Net Investment Hedges

In July 2018, we entered into two cross-currency swap agreements, with an aggregate notional amount of $198.7 million to hedge the variability of U.S. dollar-Euro exchange rates through July 2023. These cross-currency swaps are designated as net investment hedges of subsidiaries using Euro as their functional currency. We entered into these cross-currency swaps to mitigate changes in net assets due to changes in U.S. dollar-Euro spot exchange rates. As of March 31, 2019, these swaps were in a net asset position with an aggregate fair value of $9.2 million which was classified as Other assets. As of September 30, 2018, these swaps were in a net liability position with an aggregate fair value of $1.2 million which was classified as Other current liabilities.

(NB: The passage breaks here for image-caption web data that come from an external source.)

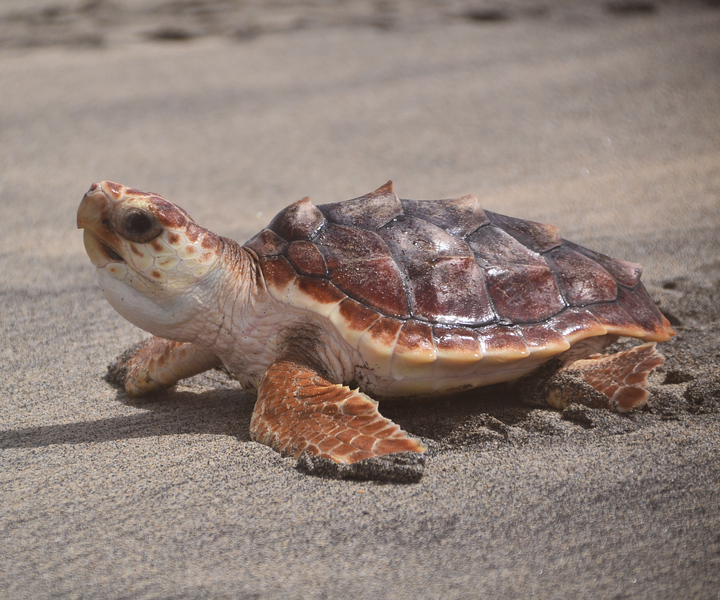 Santa Maria, Sal Island: Sea Turtle Watching Experience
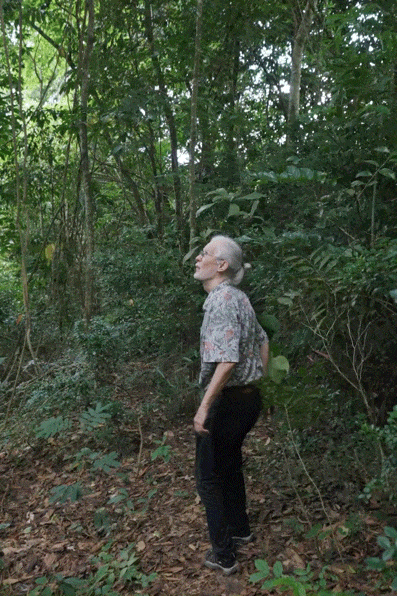 前瑞士外交官西双版纳定居 20年种出一整片森林 前瑞士外交官西双版纳定居 20年种出一整片森林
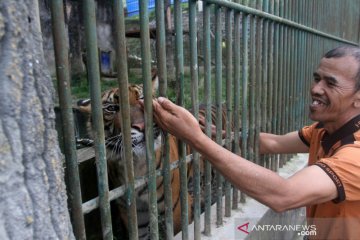 Kelahiran dua anak Harimau Sumatera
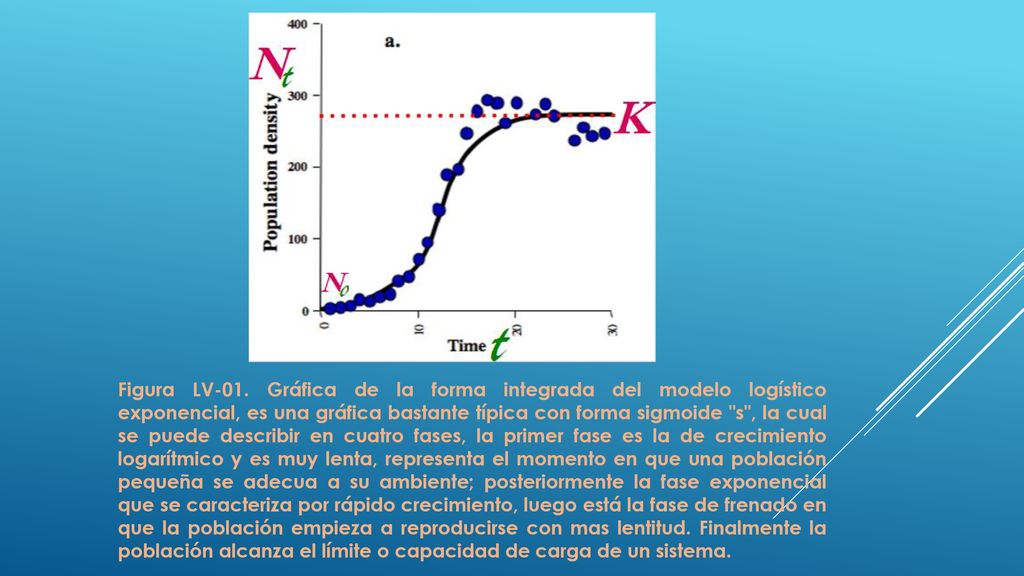 Figura LV-01. Gráfica de la forma integrada del modelo logístico exponencial, es una gráfica bastante típica con forma sigmoide s , la cual se puede describir en cuatro fases, la primer fase es la de crecimiento logarítmico y es muy lenta, representa el momento en que una población pequeña se adecua a su ambiente; posteriormente la fase exponencial que se caracteriza por rápido crecimiento, luego está la fase de frenado en que la población empieza a reproducirse con mas lentitud.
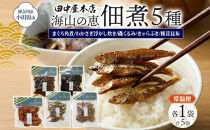 海山の恵&nbsp;つくだ煮5種セット&nbsp;まぐろ&nbsp;わかさぎ&nbsp;きゃらぶき&nbsp;椎茸昆布&nbsp;磯くるみ&nbsp;各1袋&nbsp;田中屋本店佃煮&nbsp;わかめ&nbsp;ご飯のお供&nbsp;おにぎり&nbsp;お茶漬け&nbsp;惣菜&nbsp;おかず&nbsp;和食&nbsp;トッピング&nbsp;老舗&nbsp;ギフト&nbsp;贈り物&nbsp;朝食&nbsp;弁当&nbsp;おつまみ&nbsp;小田原市&nbsp;神奈川県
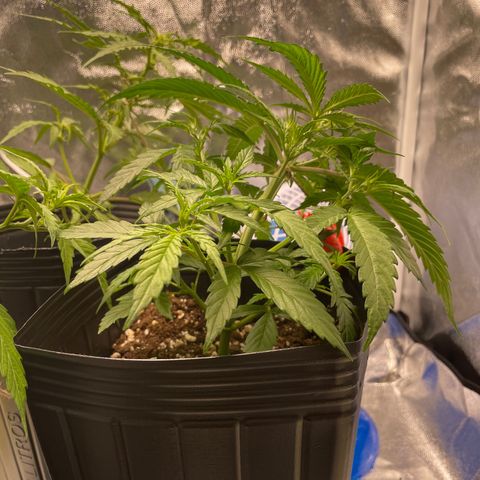 Super Skunk Speed Race growlog timeline photo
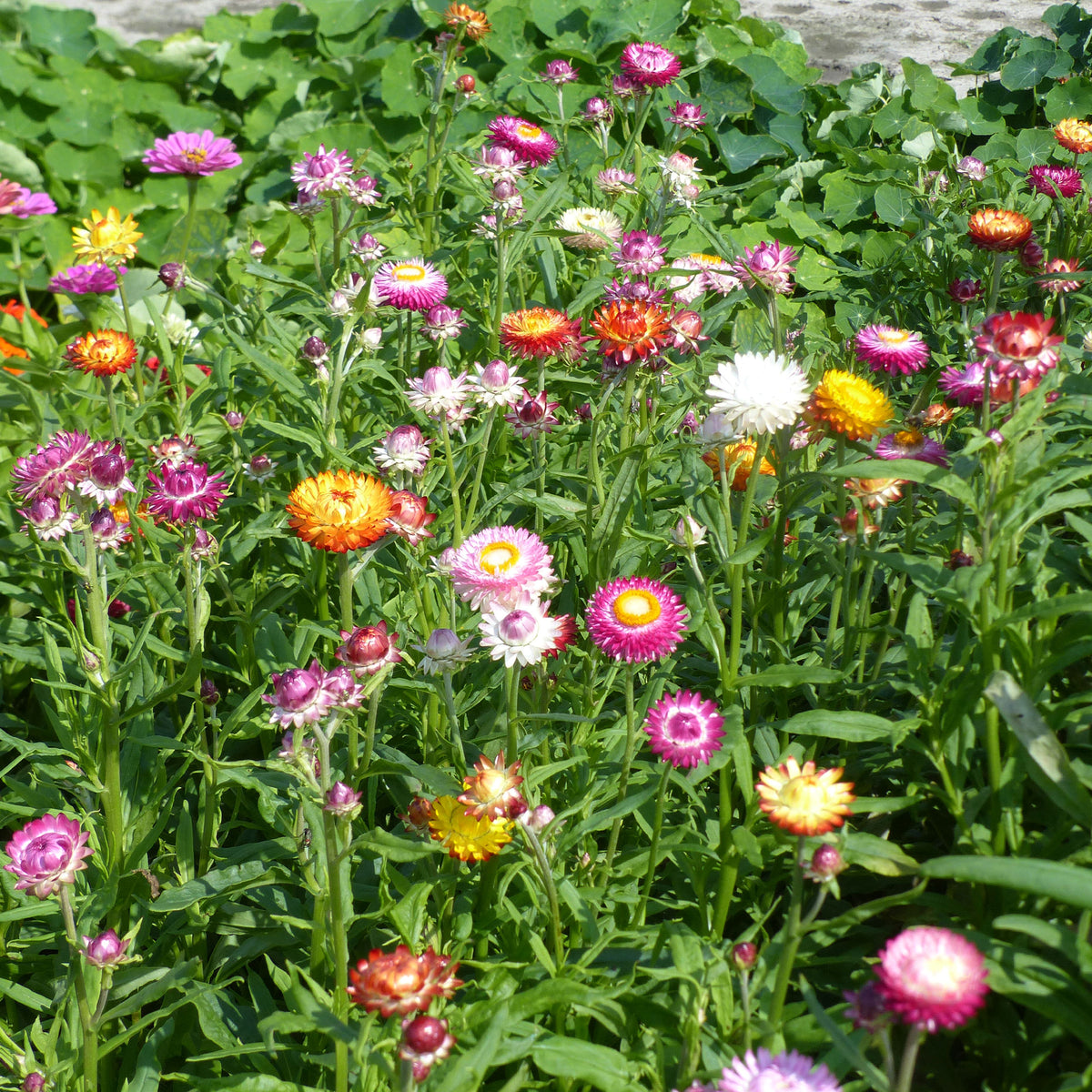 Grootbloemige strobloem Mix - Bakker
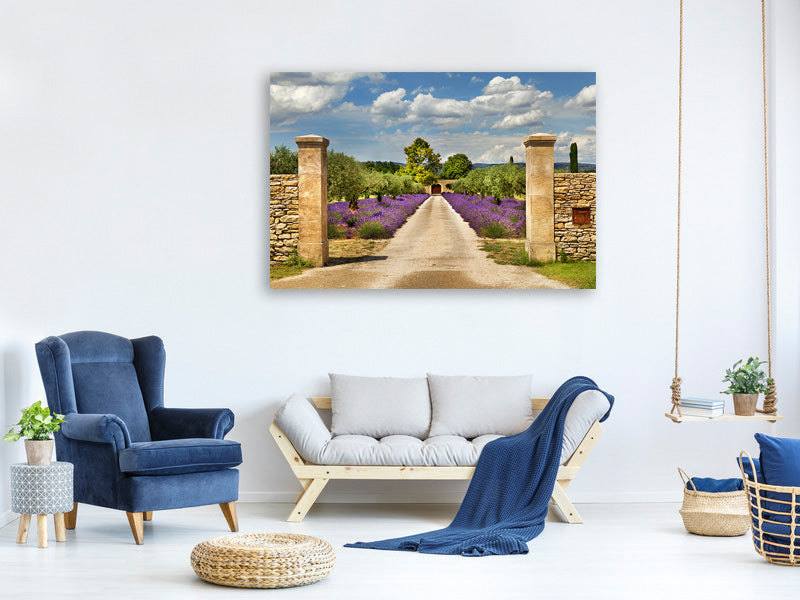 5-piece-canvas-print-lavender-garden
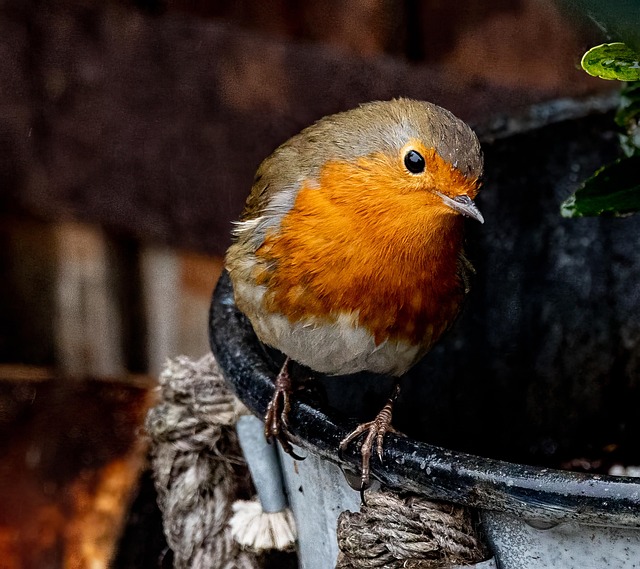 Robins feeding on chopped apples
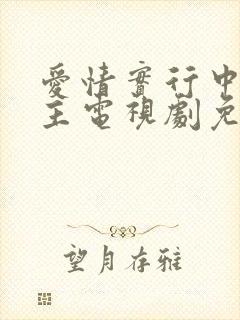 爱情实行中双男主电视剧免费观看封面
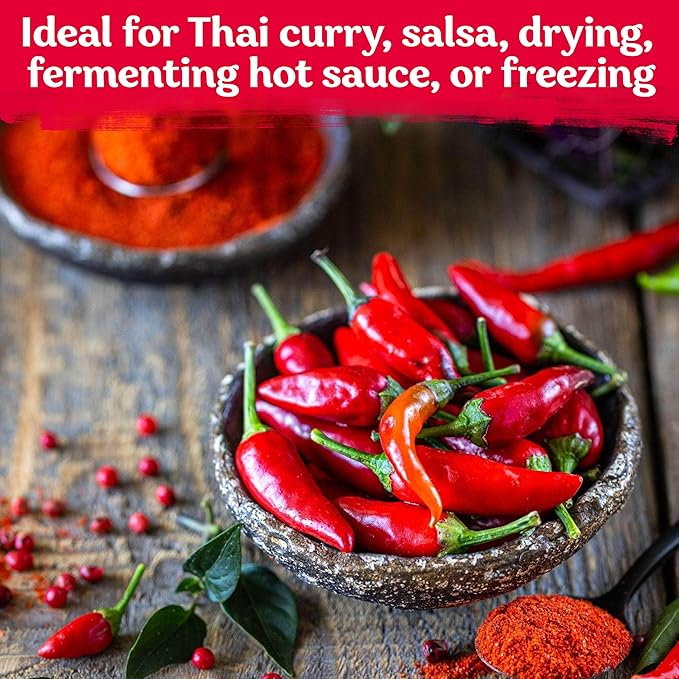 KVITER 75 Birds Eye Chili Pepper Seeds for Planting (Capsicum Annuum) — Thai Chili Red Pepper, Extra‑Hot 50K-100K SHU, High‑Yield Bush — Heirloom & Organic Vegetable Seeds for Outdoor & Indoor Garden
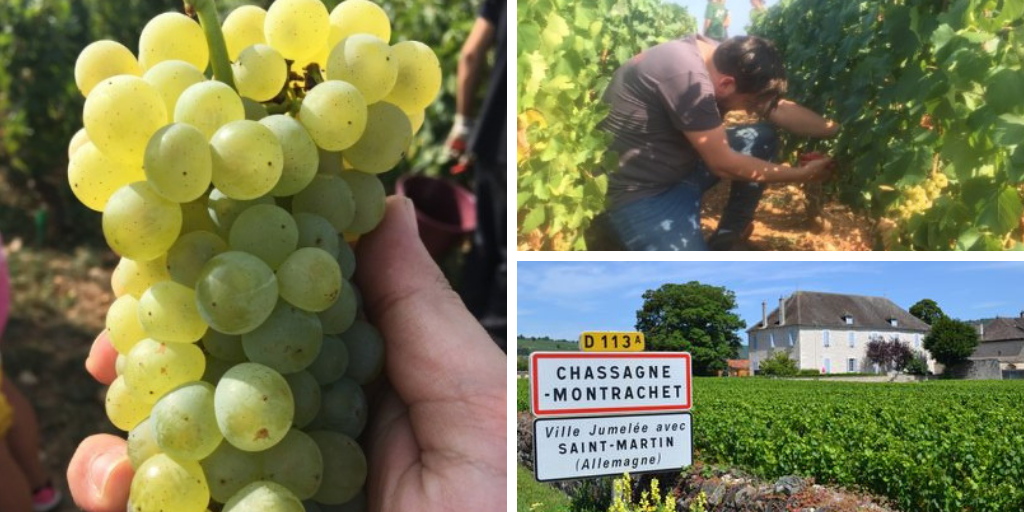 Burgundy Harvest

We classify fair value measurements on our cross-currency swaps as Level 2, as described in Note 1. We assess hedge effectiveness under the spot-to-spot method and record changes in fair value attributable to the translation of foreign currencies through Accumulated other comprehensive income (loss). We amortize the impact of all other changes in fair value of the derivative through Interest expense, which was income of $1.2 million and expense of $0.1 million for the quarter and year to date periods ended March 31, 2019.

Undesignated Derivative Instruments

We use forward contracts to mitigate the foreign exchange revaluation risk associated with recorded monetary assets and liabilities that are denominated in a non-functional currency. These derivative instruments are not formally designated as hedges and the terms of these instruments generally do not exceed one month. As of March 31, 2019, we had forward contracts not designated as hedges with an aggregate notional amount of $74.8 million. During the quarter and year to date periods ended March 31, 2019, we recognized unrealized losses of $0.5 million and losses of $0.3 million in Investment income and other, net related to these forward contracts not designated as hedges.